**Input**
=== Section Start ===

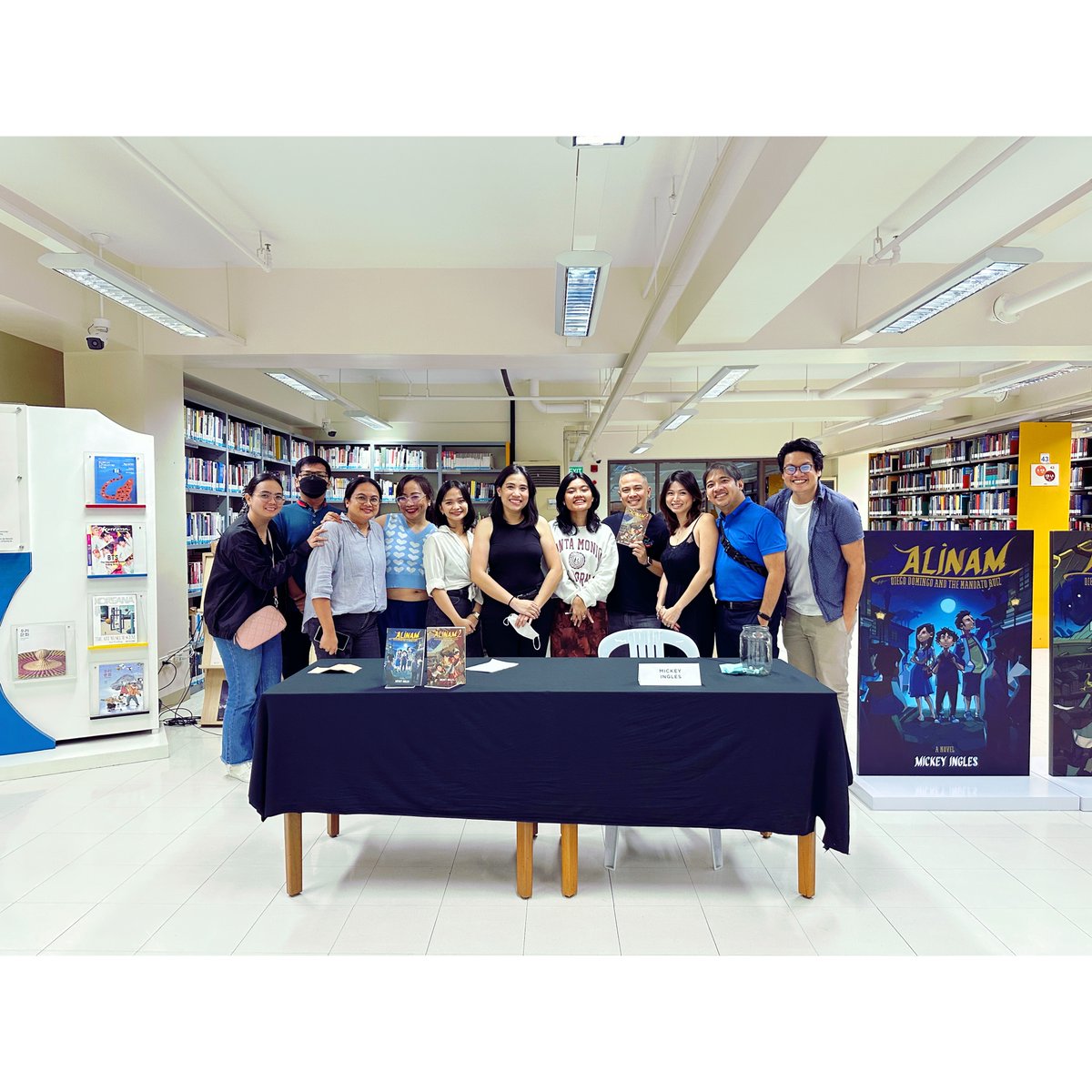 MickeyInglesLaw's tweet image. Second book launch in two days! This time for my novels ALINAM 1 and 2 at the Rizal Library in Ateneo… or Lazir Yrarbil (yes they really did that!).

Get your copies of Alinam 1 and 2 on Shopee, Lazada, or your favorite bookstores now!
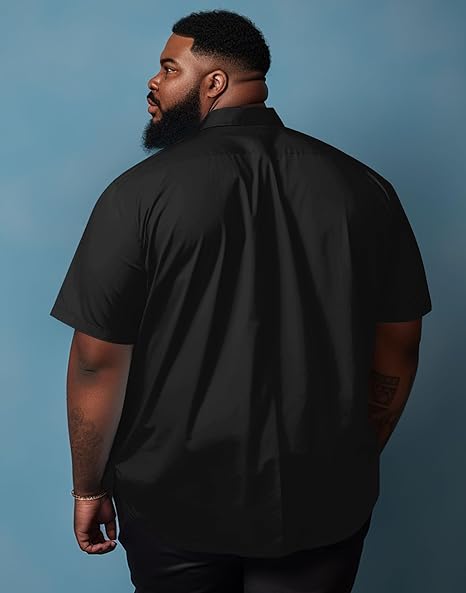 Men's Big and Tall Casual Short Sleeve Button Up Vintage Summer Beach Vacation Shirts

=== Section End ===
=== Section Start ===

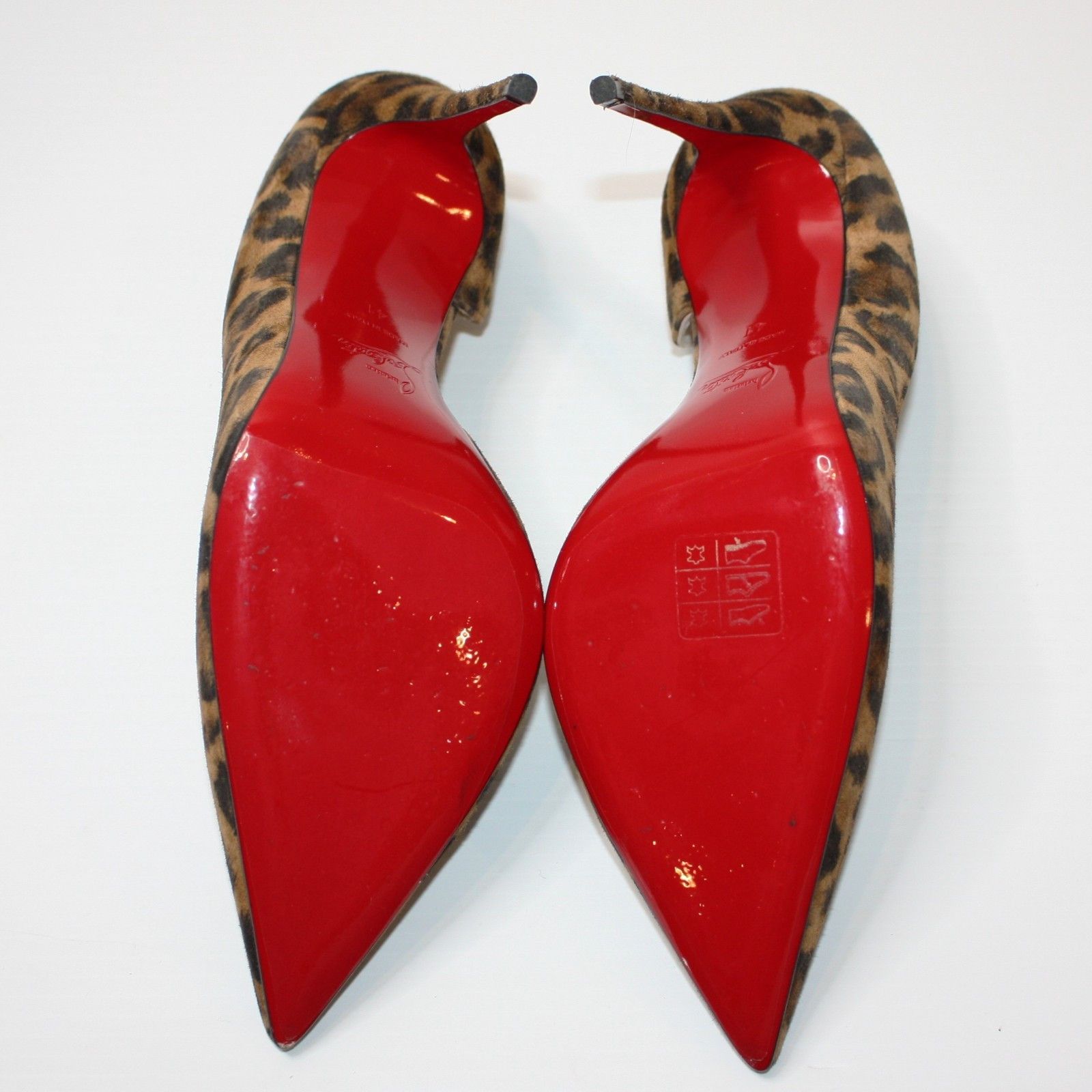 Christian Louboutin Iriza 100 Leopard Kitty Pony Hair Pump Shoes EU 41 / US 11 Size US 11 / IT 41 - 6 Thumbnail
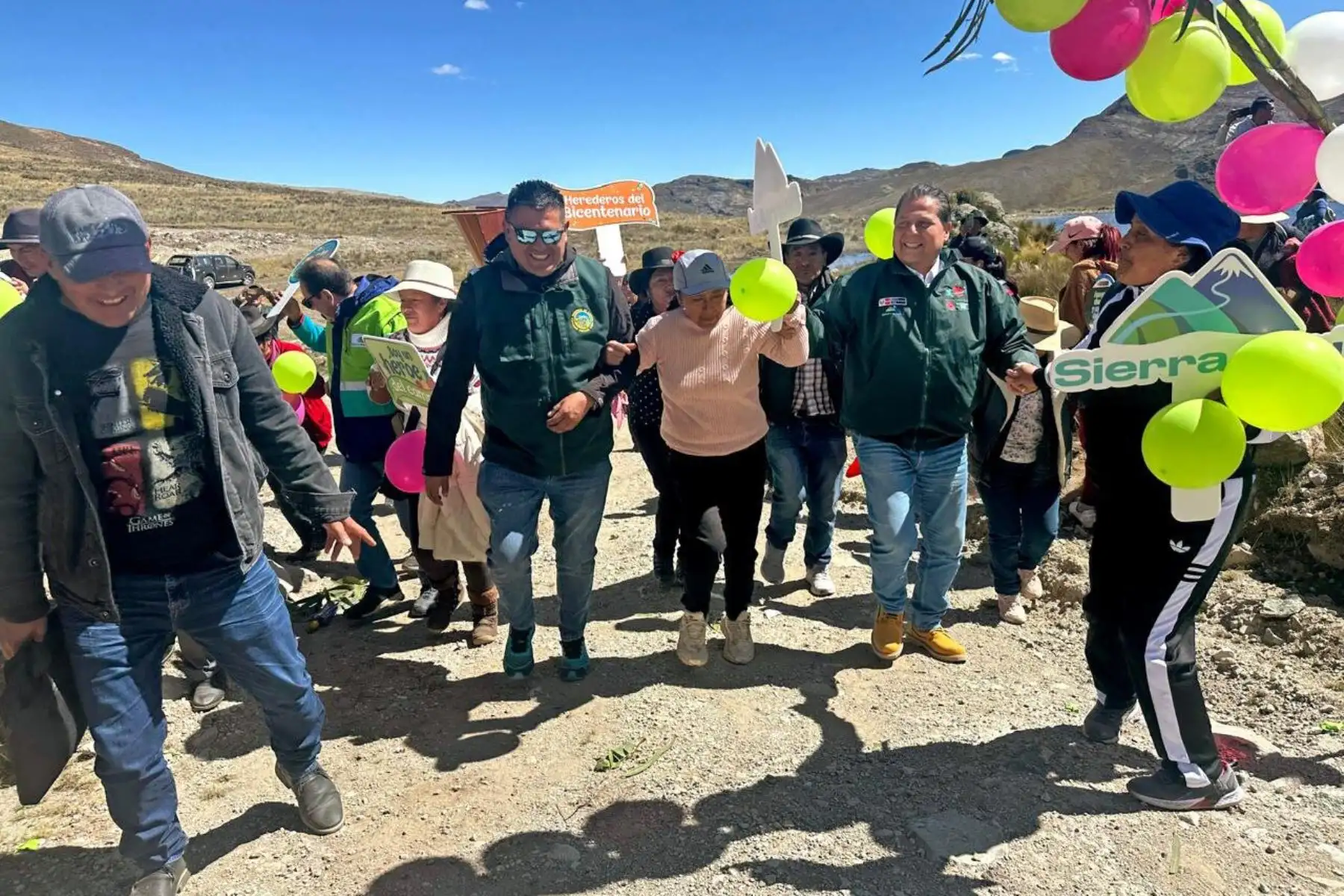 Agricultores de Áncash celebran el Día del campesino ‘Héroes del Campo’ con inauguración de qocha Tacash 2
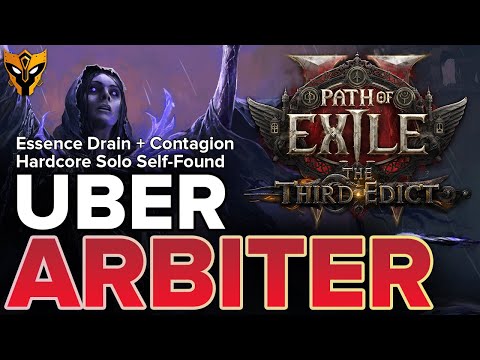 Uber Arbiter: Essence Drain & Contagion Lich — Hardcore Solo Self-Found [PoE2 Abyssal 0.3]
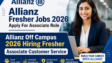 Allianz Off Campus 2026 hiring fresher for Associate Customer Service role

=== Section End ===

**What needs to be done**
Go to the line above that has "MickeyInglesLaw's tweet image." and copy exactly from there down to the line that has "Men's Big and", both included. Leave the pictures out.

**Completed exercise**
 MickeyInglesLaw's tweet image. Second book launch in two days! This time for my novels ALINAM 1 and 2 at the Rizal Library in Ateneo… or Lazir Yrarbil (yes they really did that!).

Get your copies of Alinam 1 and 2 on Shopee, Lazada, or your favorite bookstores now!
 Men's Big and Tall Casual Short Sleeve Button Up Vintage Summer Beach Vacation Shirts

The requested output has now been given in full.